Some of the variables are categorized in a way that doesn’t make much sense. We will change “Dependents” to numeric and “Credit_History” to character. We can see that “Credit_History” is a categorical variable since it refers to the positive or negative credit history of the applicant. Remember that encoding categorical variables as “character” is only plausible when the order of categories is not relevant. Let’s convert the “Credit_History” variable from numeric to character:
dados_ajustados$Credit_History <- as.character(dados_ajustados$Credit_History)
Now let’s convert the “Dependents” variable from character to numeric:
dados_ajustados$Dependents <- as.numeric(dados_ajustados$Dependents)
## Warning: NAs introduced by coercion
During the conversion of the “Dependents” variable, R replaced the “3+” values in the variable with “NA.” This happened because R doesn’t interpret the “+” as a numeric value. Let’s replace the “NA” with “3,” keeping in mind that “3” now represents 3 or more dependents of the applicant.
dados_ajustados$Dependents <- ifelse(is.na(dados_ajustados$Dependents), "3", dados_ajustados$Dependents)
Let’s check our changes using the summary function:
summary(dados_ajustados)
## Gender Married Dependents Education
## Length:480 Length:480 Length:480 Length:480
## Class :character Class :character Class :character Class :character
## Mode :character Mode :character Mode :character Mode :character
##
##
##
## Self_Employed ApplicantIncome CoapplicantIncome LoanAmount
## Length:480 Min. : 150 Min. : 0 Min. : 9.0
## Class :character 1st Qu.: 2899 1st Qu.: 0 1st Qu.:100.0
## Mode :character Median : 3859 Median : 1084 Median :128.0
## Mean : 5364 Mean : 1581 Mean :144.7
## 3rd Qu.: 5852 3rd Qu.: 2253 3rd Qu.:170.0
## Max. :81000 Max. :33837 Max. :600.0
## Loan_Amount_Term Credit_History Property_Area Loan_Status
## Min. : 36.0 Length:480 Length:480 Length:480
## 1st Qu.:360.0 Class :character Class :character Class :character
## Median :360.0 Mode :character Mode :character Mode :character
## Mean :342.1
## 3rd Qu.:360.0
## Max. :480.0
With our database properly adjusted, all that’s left is to dummy code our categorical variables.
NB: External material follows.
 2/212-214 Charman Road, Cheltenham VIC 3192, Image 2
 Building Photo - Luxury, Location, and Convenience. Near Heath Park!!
Before that, let’s visualize some characteristics of our variables.
table(dados_ajustados$Loan_Status)
##
## N Y
## 148 332
We can see that we have 332 cases of approved loans and 148 cases where the loan was denied.
table(dados_ajustados$Gender)
##
## Female Male
## 86 394
table(dados_ajustados$Married)
##
## No Yes
## 169 311
table(dados_ajustados$Education)
##
## Graduate Not Graduate
## 383 97
table(dados_ajustados$Self_Employed)
##
## No Yes
## 414 66
table(dados_ajustados$Credit_History)
##
## 0 1
## 70 410
table(dados_ajustados$Property_Area)
##
## Rural Semiurban Urban
## 139 191 150
chart.Correlation((dados_ajustados[, c(3,6:9)]), histogram = TRUE)
Notice that the highest correlation can be observed between the applicant’s income (ApplicantIncome) and the loan amount requested (LoanAmount). All other correlations are extremely low.
Let’s now start the process of dummy coding our categorical variables and then proceed to create our initial model.
dados_dummies <- dummy_columns(.data = dados_ajustados,
select_columns = "Gender",
remove_selected_columns = T,
remove_most_frequent_dummy = T)
dados_dummies <- dummy_columns(.data = dados_dummies,
select_columns = "Married",
remove_selected_columns = T,
remove_most_frequent_dummy = T)
dados_dummies <- dummy_columns(.data = dados_dummies,
select_columns = "Education",
remove_selected_columns = T,
remove_most_frequent_dummy = T)
dados_dummies <- dummy_columns(.data = dados_dummies,
select_columns = "Self_Employed",
remove_selected_columns = T,
remove_most_frequent_dummy = T)
dados_dummies <- dummy_columns(.data = dados_dummies,
select_columns = "Credit_History",
remove_selected_columns = T,
remove_most_frequent_dummy = T)
dados_dummies <- dummy_columns(.data = dados_dummies,
select_columns = "Property_Area",
remove_selected_columns = T,
remove_most_frequent_dummy = T)
dados_dummies <- dummy_columns(.data = dados_dummies,
select_columns = "Loan_Status",
remove_selected_columns = T,
remove_first_dummy = T)
Notice that our output variable “Loan_Status” was also dummy-coded because R doesn’t interpret the values “Y” and “N.” Unlike the other dummy variables, in the case of our dependent variable, we choose to remove the first dummy instead of the most frequent one. This way, when we finish the model, we will have an output variable that indicates the probability of “loan approval,” making the model more understandable and straightforward within its context.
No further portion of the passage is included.